A worked example. Take a documentation-writing agent that opens PRs. Logging: “Transcripts are written to the local ~/.claude/projects/ JSONL, but we never set up a SessionStore mirror — so anything past the 30-day cleanupPeriodDays sweep is gone. That is our durable-history gap.” Tracing: “We enabled telemetry but pointed it at a vendor-named dashboard; a standard OTel collector wouldn’t recognize our spans.

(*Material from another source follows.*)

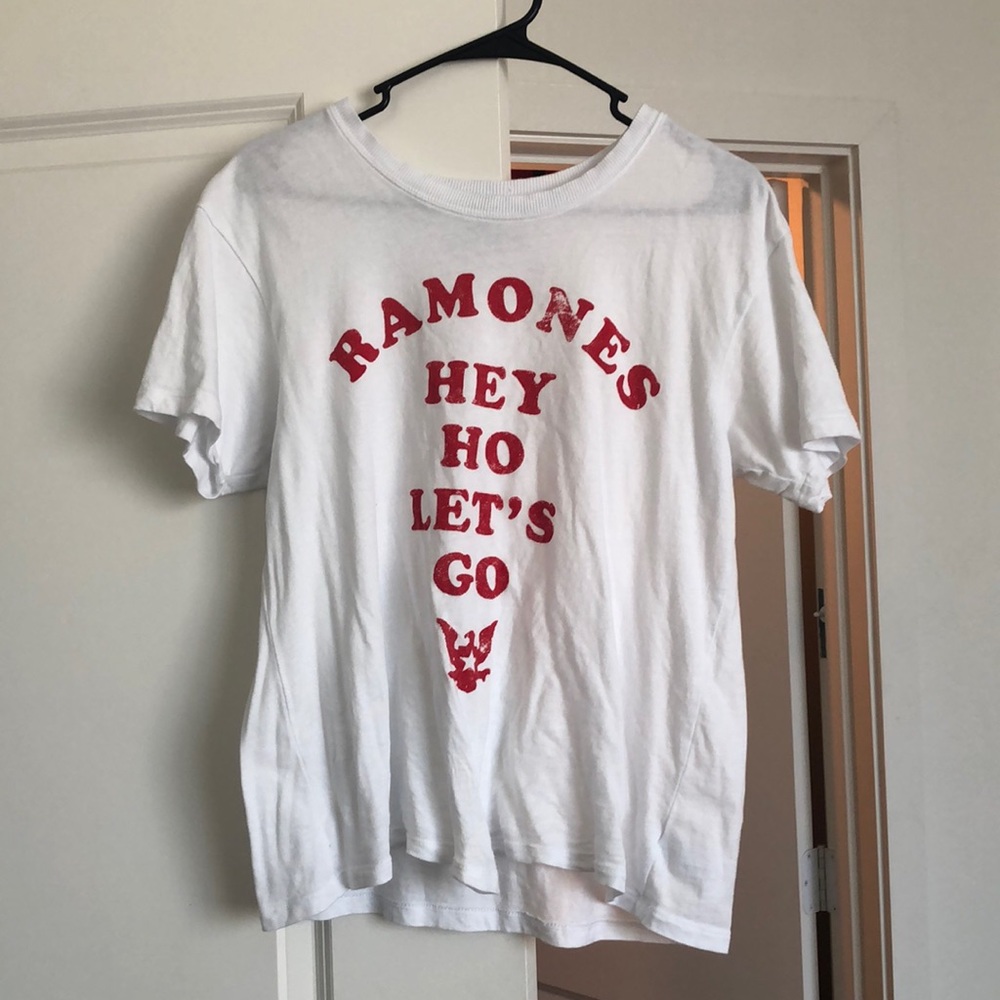 Ramones Band Tee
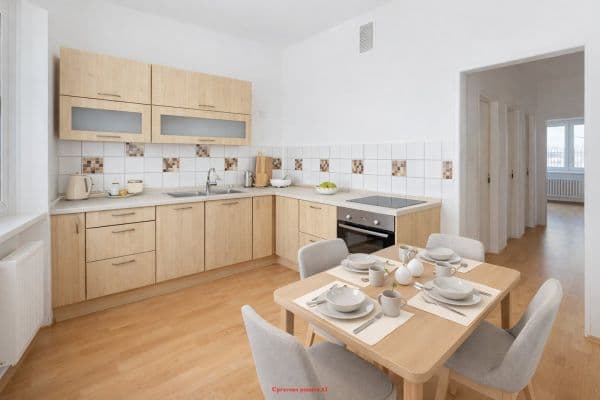 Prenájom bytu 2-izbový 55 m², Cihelní, Karviná-Nové Město Prenájom bytu 2-izbový 55 m², Cihelní, Karviná-Nové Město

Re-instrumenting to the GenAI convention (gen_ai.*, claude_code.interaction aligning to it) would make the backend swappable — though the names are Development-status, so I’ll pin a recheck.” Attribution: “Commits carry the default Co-Authored-By trailer, so I can walk from a merged doc-PR back to the run — provenance is fine.” Cost-surfacing: “I watch /usage mid-run and the Console for the monthly figure, but I’d been treating the /usage dollar number as the bill — it’s a local estimate that ‘may differ from your actual bill.’” Most painful during an incident: the logging gap — if a bad PR shipped and the run is older than 30 days with no mirror, there is no transcript to reconstruct from, and every other surface is a view of a record that no longer exists, so I’d mirror via SessionStore first. Pulled out as non-observability: “add a human gate before the PR merges” is ch26 (oversight), not a logging/tracing gap; and “the bill is too high, reduce it” is ch25 (cost modeling), not cost-surfacing — surfacing only shows the number. The exercise’s value is feeling that two of the four surfaces are easy to over-read into decisions they don’t make.